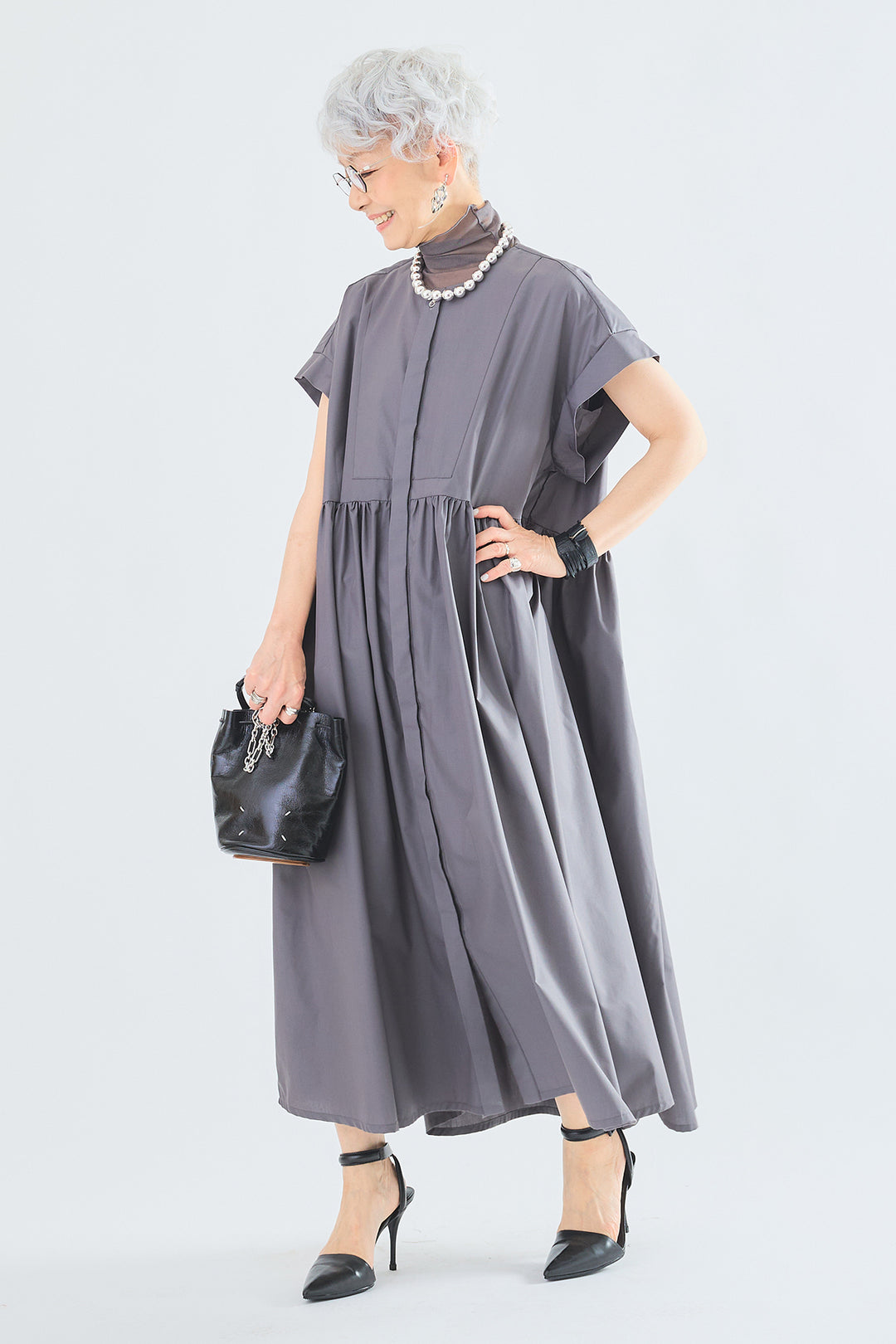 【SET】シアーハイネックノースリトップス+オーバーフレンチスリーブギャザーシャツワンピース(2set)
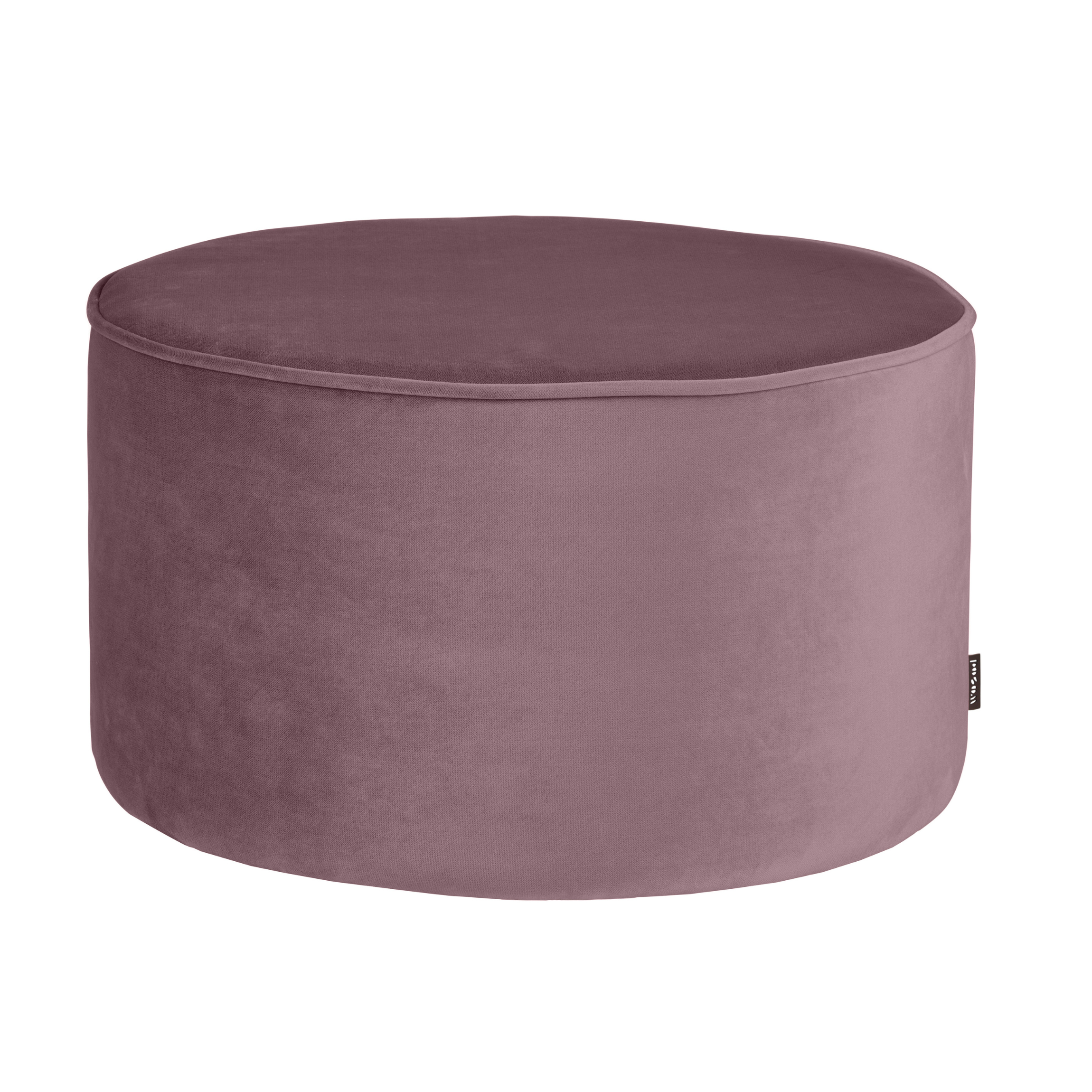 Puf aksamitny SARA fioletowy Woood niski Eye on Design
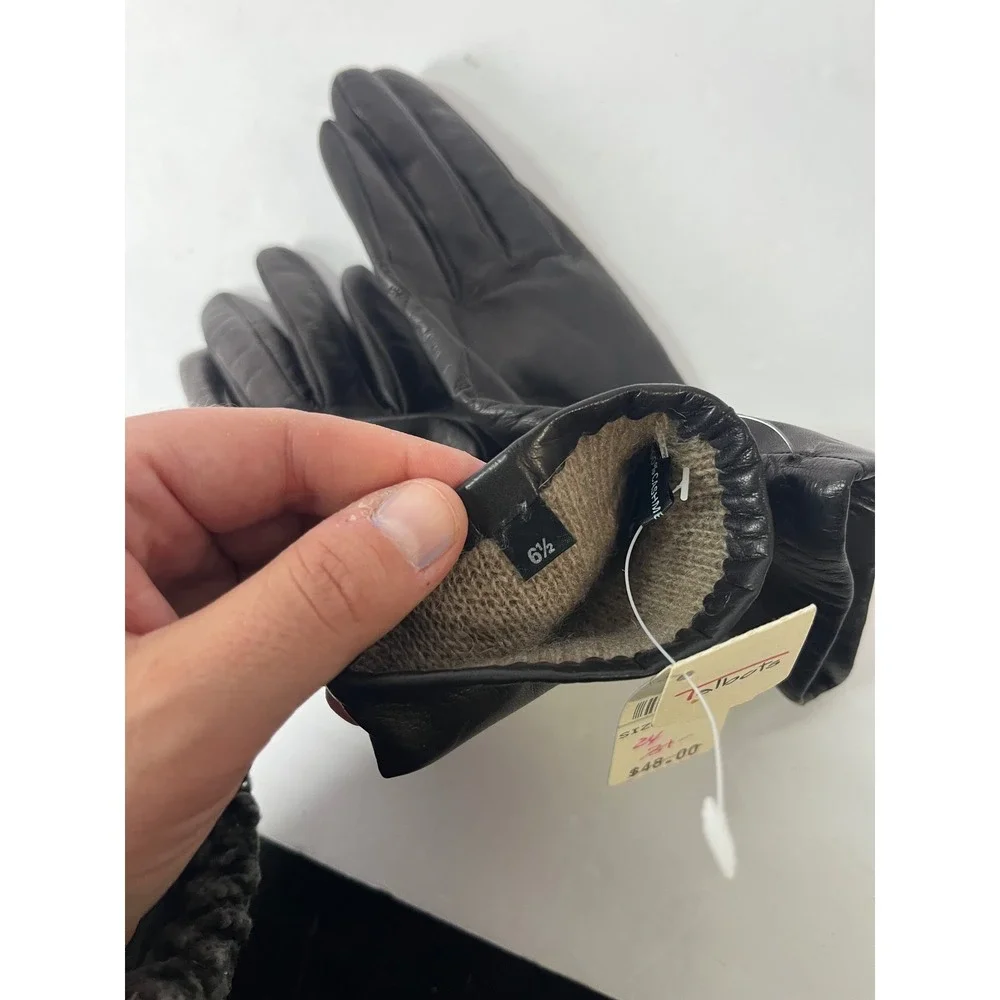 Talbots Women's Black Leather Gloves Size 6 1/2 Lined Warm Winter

= = =

What needs to be done:
Retype each line of the listing above word for word. Exclude the pictures.

Written response:
 【SET】シアーハイネックノースリトップス+オーバーフレンチスリーブギャザーシャツワンピース(2set)
 Puf aksamitny SARA fioletowy Woood niski Eye on Design
 Talbots Women's Black Leather Gloves Size 6 1/2 Lined Warm Winter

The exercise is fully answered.